Chapter Fourteen: Communication and Negotiation

Communication is the process of transferring information, meaning and understanding from sender to receiver. The basic model of communication involves encoding, the act of constructing a message, the medium, the mode or form of transmission, decoding, the act of interpreting and noise, potential interference with the transmission or decoding of a message [nota bene: noise can also occur with the encoding, consider the confused mind]. Verbal modes can be oral, written and non-verbal modes can include dress, intonation, gestures, expressions and body language.

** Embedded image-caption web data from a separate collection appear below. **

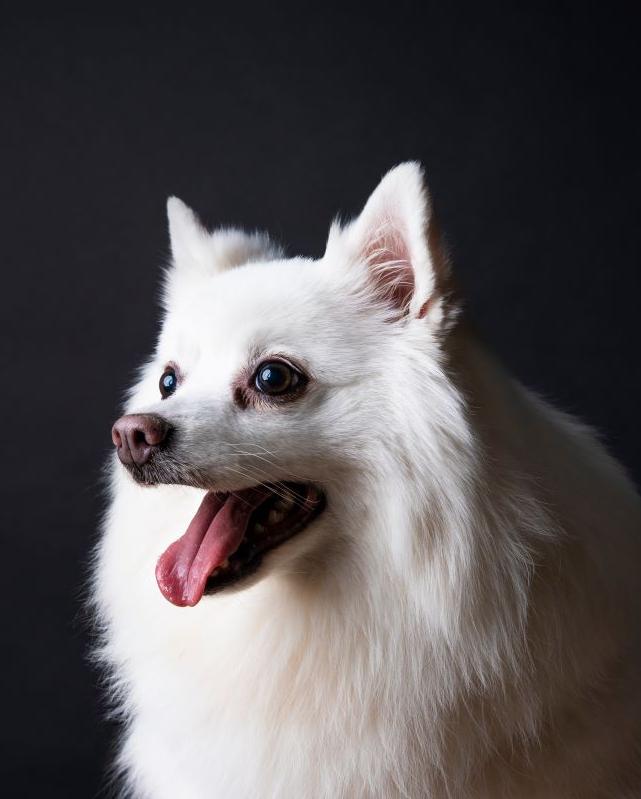 German Spitz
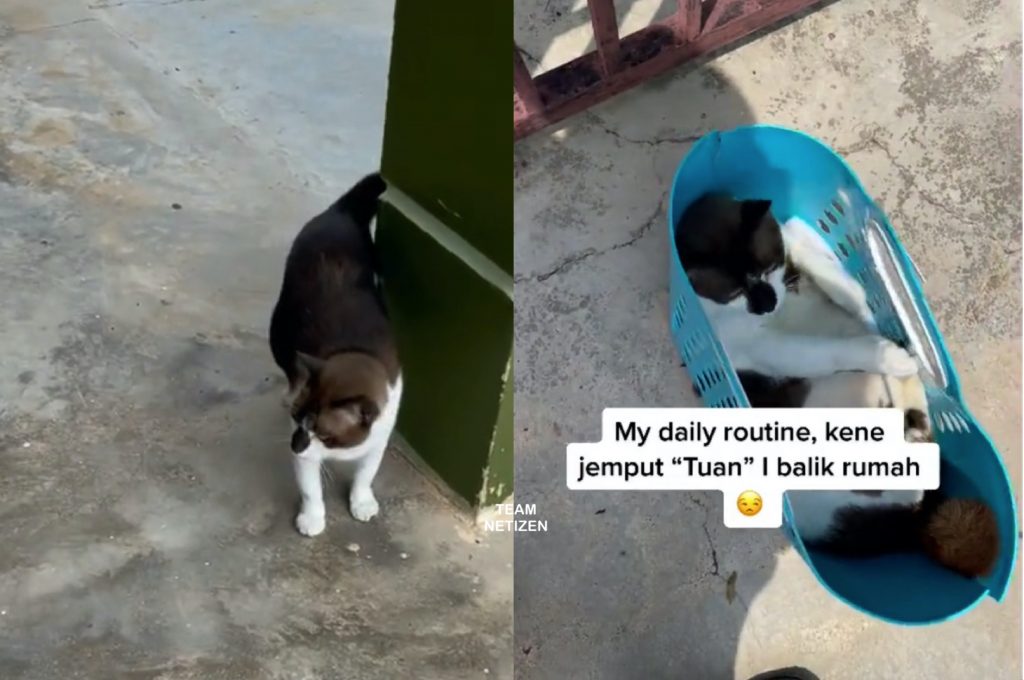 Kucing Suka Lepak Rumah Jiran, Tiap Hari Kena Jemput Balik Rumah, Siap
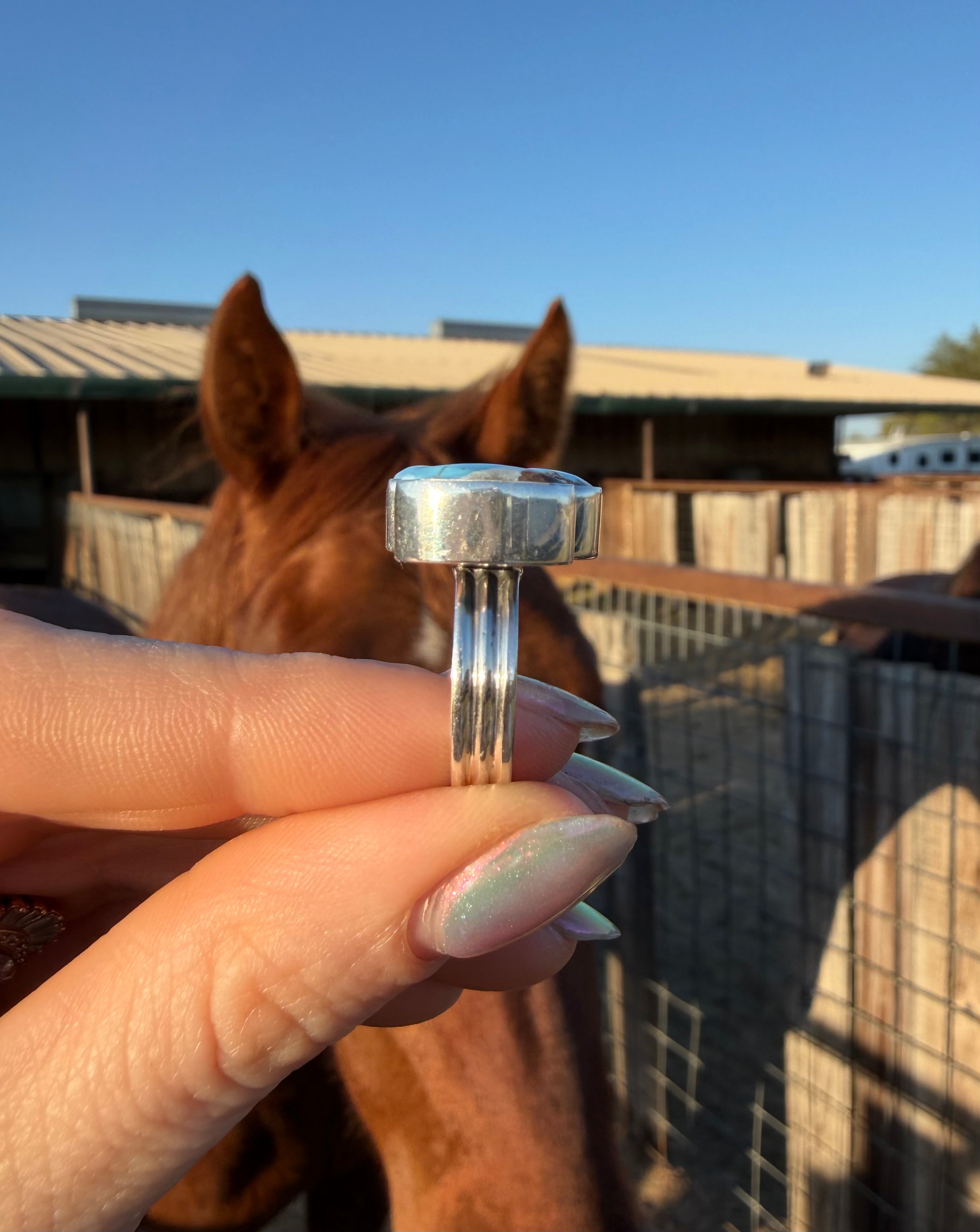 Navajo Golden Hills Adjustable Ring #2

Chapter Thirteen: Groups and Teams

There is a continuum between individuals, groups and teams with degrees of independence and collaboration. A group is defined here as a small set of people, from three to twenty, who have some degree of mutual interaction and shared objectives. A team is type of group which is highly interdependent, coordinated and with a strong sense of menbers' personal responsibility for achieving group outcomes. The basic types of groups include a set of formal groups (command/supervisory groups, project/task forces and committees) and informal groups.

Chapter Twelve: Motivation

Motivation is a set of forces that energise, direct and sustains behaviour. The source of motivations depends on characteristics of the individual, the job and the work situation. Examples of the individual includes needs, attitudes, and goals. Examples of the job include feedback, workload, tasks and discretion. Characteristics of the work situation include the immediate environment and organisational actions.

Chapter Eleven: Leadership II: Approaches and Issues

Blake and Mouton's managerial grid is a method that measures the degree that managers are task-orientated and people-orientated.

Chapter Ten: Leadership I: Basic Concepts and Processes

Leadership is a process of influence that can occur potentially anywhere in an organisation. It is not a set of behaviour limited to any role. Organisational leadership is defined as an interpersonal process involving attempts to influence other people in attaining some goal. Effective leadership is that which assists a group or an organisation to meet its goals and objectives and person successfully.

Chapter Nine: Individual and Group Decision Making

Decision making is a process of specifying the nature of a particular problem or opportunity and selecting between available alternatives to solve a problem or capture an opportunity. Decision making has two aspects; the act and the process. The act involves choosing between alternatives. The processes consists of formulating, identification of the problem or opportunity and acquiring relevant information and the solution being the desired course of action.

Chapter Eight: Planning

Objectives are end states or targets that an organisation's managers aim for. Plans are the means by which managers hope to reach the desired state. Planning is a decision making process that focuses on the future of an organisation andhow it will achieve its goals. Strategic plans focus on the broad future of the organisation and incorporate both external environmental demands and internal resources into managers' actions. They are typically 3-5 years in scale, and the most complex with high levels of interdependence.